* [EXERCISE INSTRUCTIONS] Whatever lies between the line that holds "Infographic die de" and the final line of the records below, both included, should be repeated exactly; leave out the pictures and add nothing.

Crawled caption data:
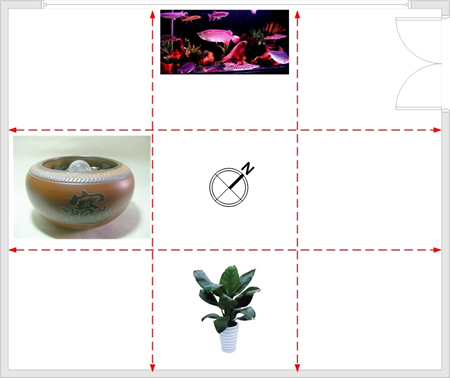 办公室风水财位摆放图解
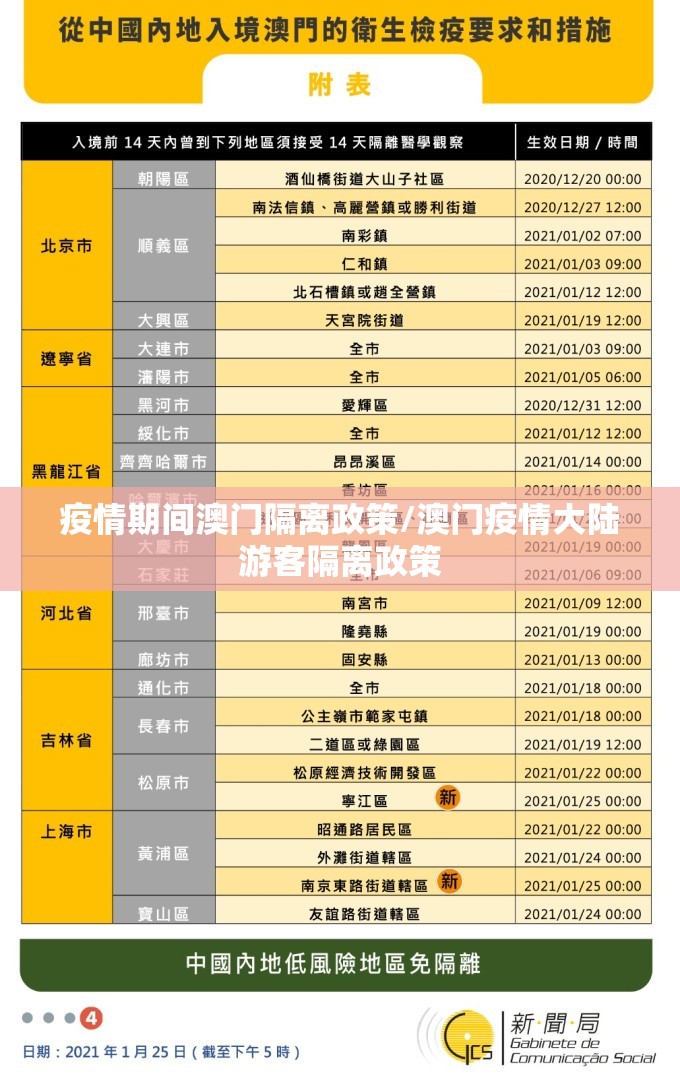 疫情期间澳门隔离政策/澳门疫情大陆游客隔离政策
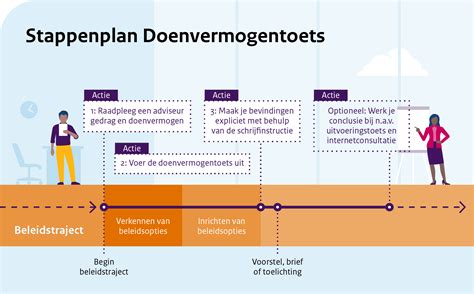 Infographic die de verschillende stappen in de calculatie van arbeidskosten voor plafond- en wandmontage weergeeft.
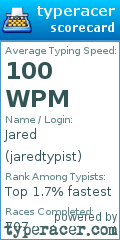 Scorecard for user jaredtypist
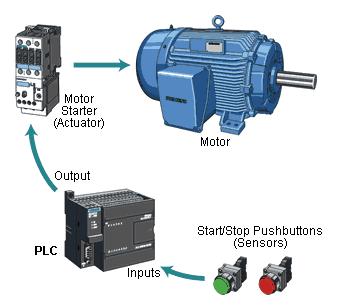 ATE 326 PLC Fundamentals 1.2 Basic PLC Operation In the example shown in fig 1.12, pushbuttons are connected to the PLC s inputs and a motor is connected to the PLC s output.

* [WRITTEN RESPONSE]
 Infographic die de verschillende stappen in de calculatie van arbeidskosten voor plafond- en wandmontage weergeeft.
 Scorecard for user jaredtypist
 ATE 326 PLC Fundamentals 1.2 Basic PLC Operation In the example shown in fig 1.12, pushbuttons are connected to the PLC s inputs and a motor is connected to the PLC s output.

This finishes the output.